• _Data excerpts_

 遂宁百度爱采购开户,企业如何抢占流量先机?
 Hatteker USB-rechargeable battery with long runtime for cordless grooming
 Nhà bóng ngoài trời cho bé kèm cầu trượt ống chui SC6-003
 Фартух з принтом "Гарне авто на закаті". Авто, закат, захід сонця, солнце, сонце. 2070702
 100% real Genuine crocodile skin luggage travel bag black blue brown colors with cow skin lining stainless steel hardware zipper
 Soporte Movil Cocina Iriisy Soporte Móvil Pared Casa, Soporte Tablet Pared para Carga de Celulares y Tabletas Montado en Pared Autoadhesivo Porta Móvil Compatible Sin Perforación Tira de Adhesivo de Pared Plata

==

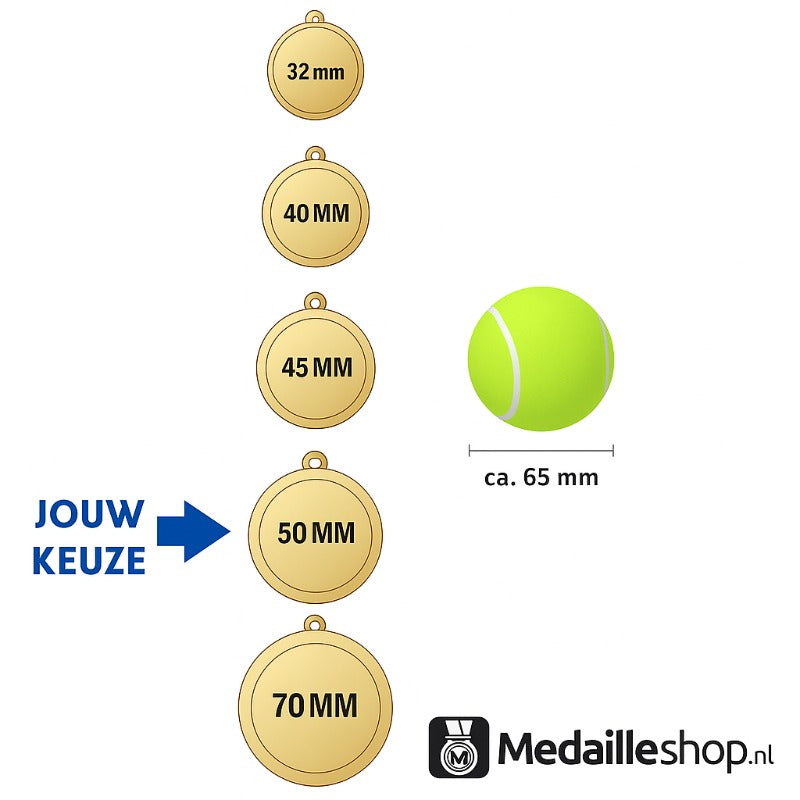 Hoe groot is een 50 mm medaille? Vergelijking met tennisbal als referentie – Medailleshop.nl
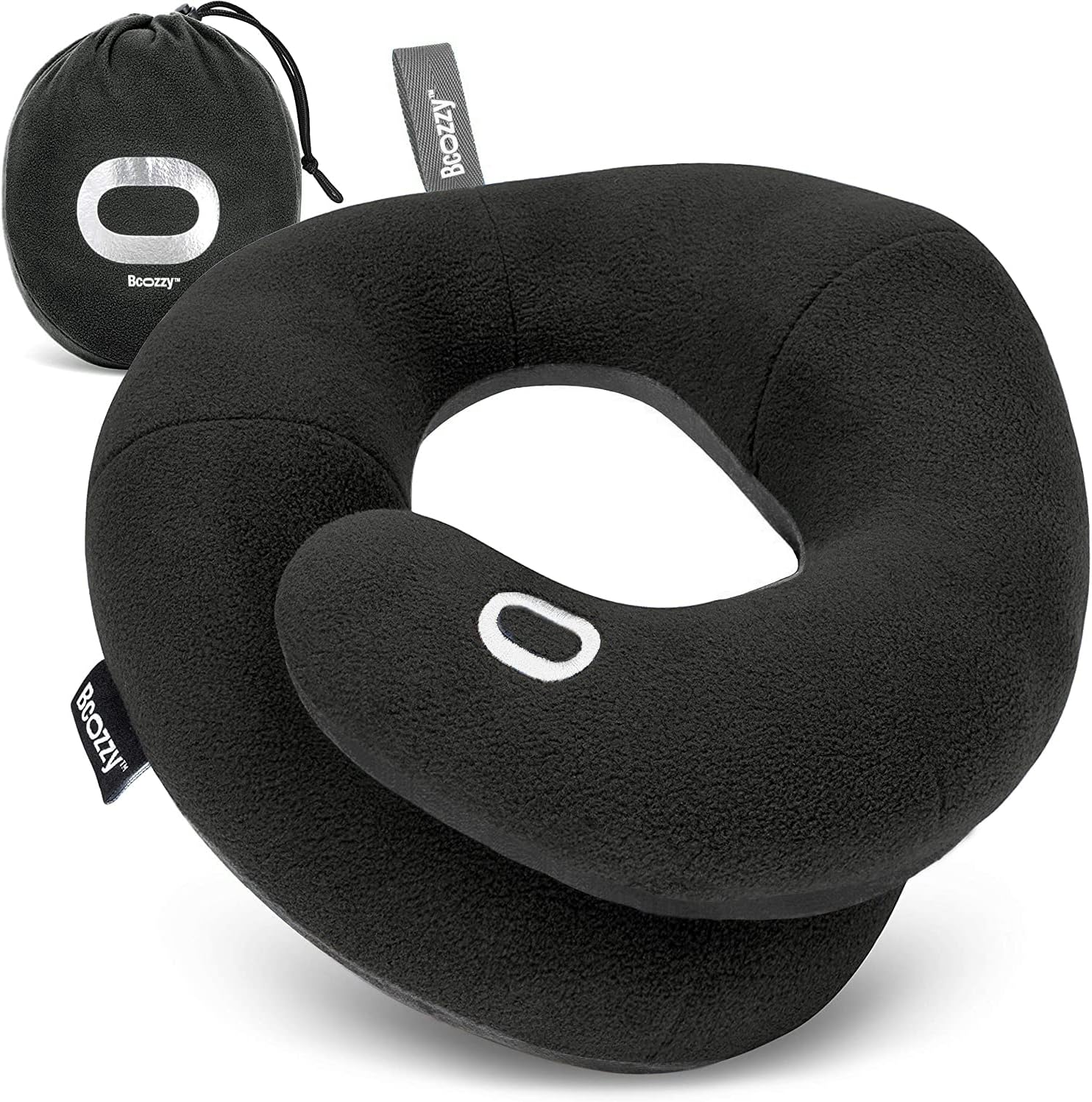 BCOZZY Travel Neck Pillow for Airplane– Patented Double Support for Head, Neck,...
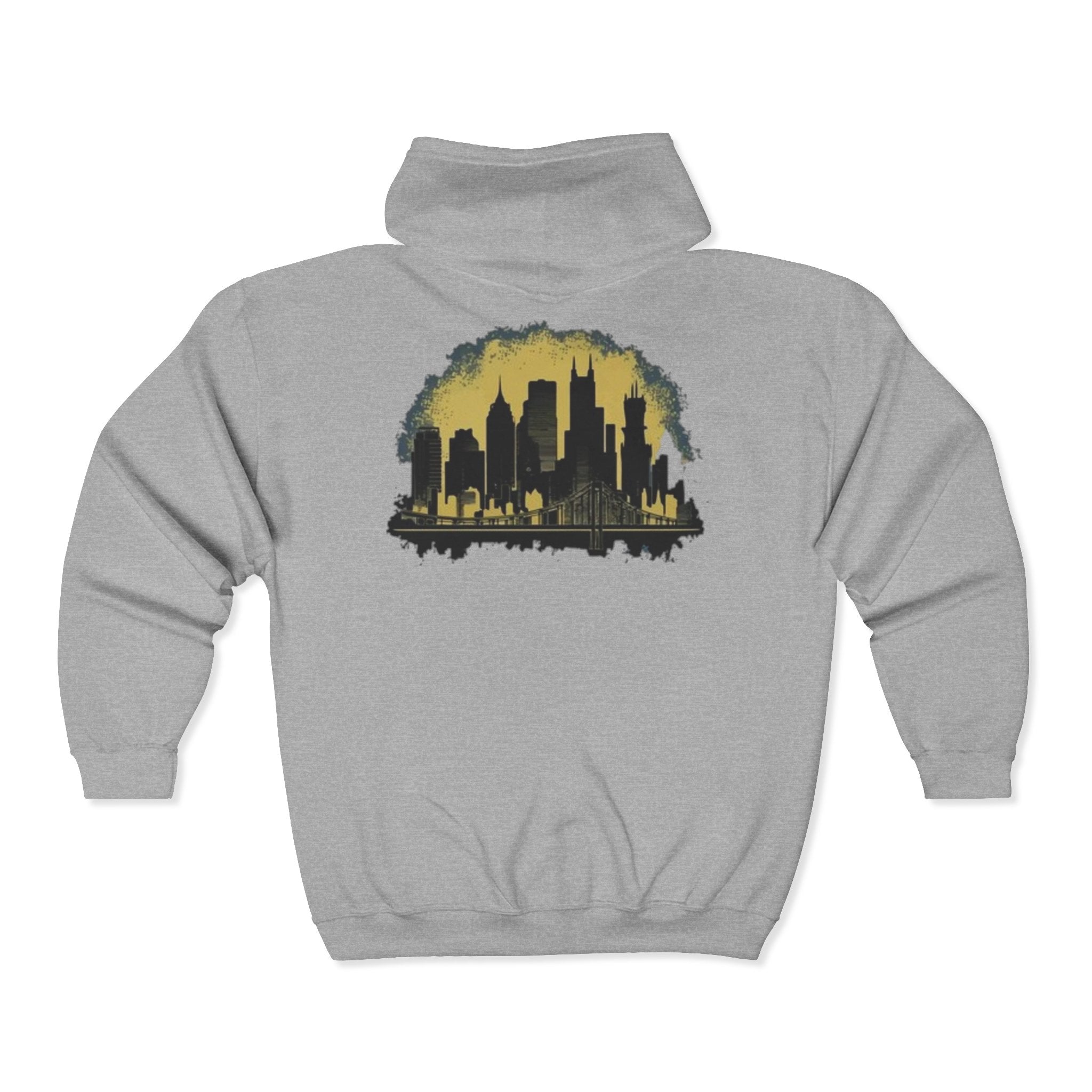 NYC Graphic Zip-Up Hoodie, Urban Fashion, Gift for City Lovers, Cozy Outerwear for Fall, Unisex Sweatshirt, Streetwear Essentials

--

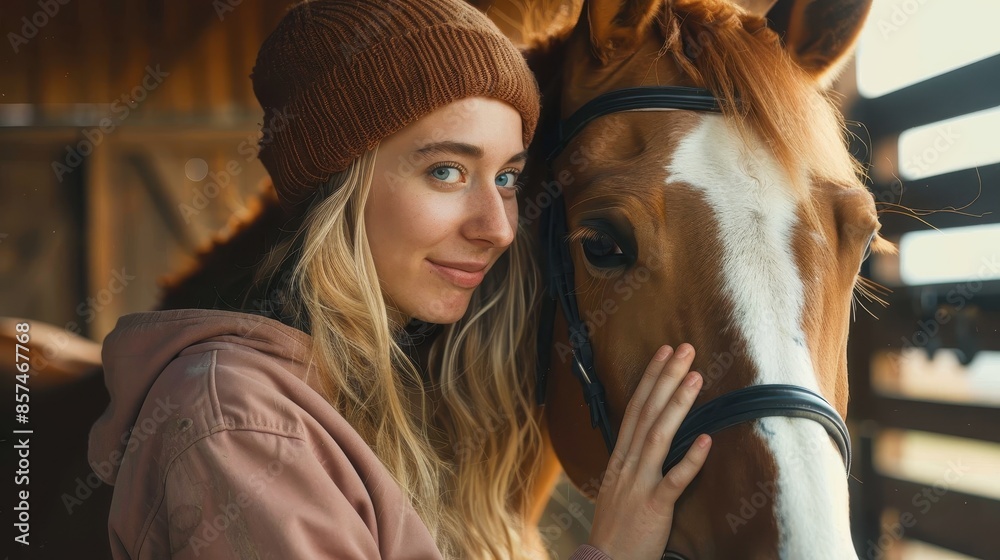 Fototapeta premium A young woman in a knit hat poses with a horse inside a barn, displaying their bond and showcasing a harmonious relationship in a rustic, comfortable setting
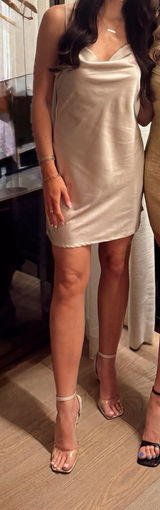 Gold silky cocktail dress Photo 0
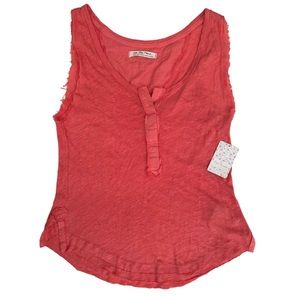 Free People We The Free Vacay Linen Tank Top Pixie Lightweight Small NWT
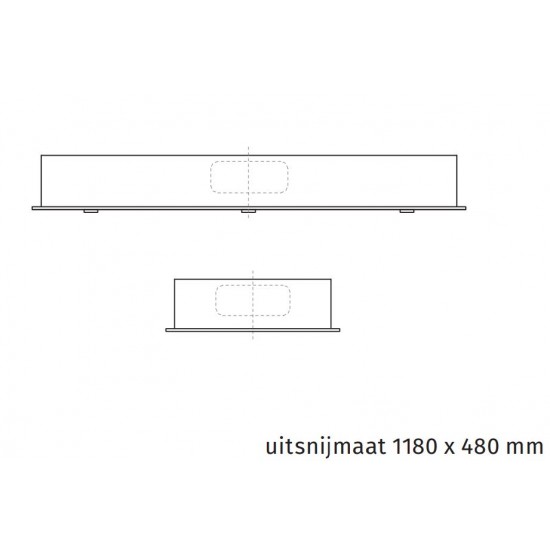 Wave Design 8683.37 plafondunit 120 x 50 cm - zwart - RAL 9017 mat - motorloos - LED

• _Required action_
All that belongs in your answer is the stretch of entries above from the line with "Nhà bóng ngoài" through the line with "Soporte Movil Cocina", printed exactly.

• _Finished task_
 Nhà bóng ngoài trời cho bé kèm cầu trượt ống chui SC6-003
 Фартух з принтом "Гарне авто на закаті". Авто, закат, захід сонця, солнце, сонце. 2070702
 100% real Genuine crocodile skin luggage travel bag black blue brown colors with cow skin lining stainless steel hardware zipper
 Soporte Movil Cocina Iriisy Soporte Móvil Pared Casa, Soporte Tablet Pared para Carga de Celulares y Tabletas Montado en Pared Autoadhesivo Porta Móvil Compatible Sin Perforación Tira de Adhesivo de Pared Plata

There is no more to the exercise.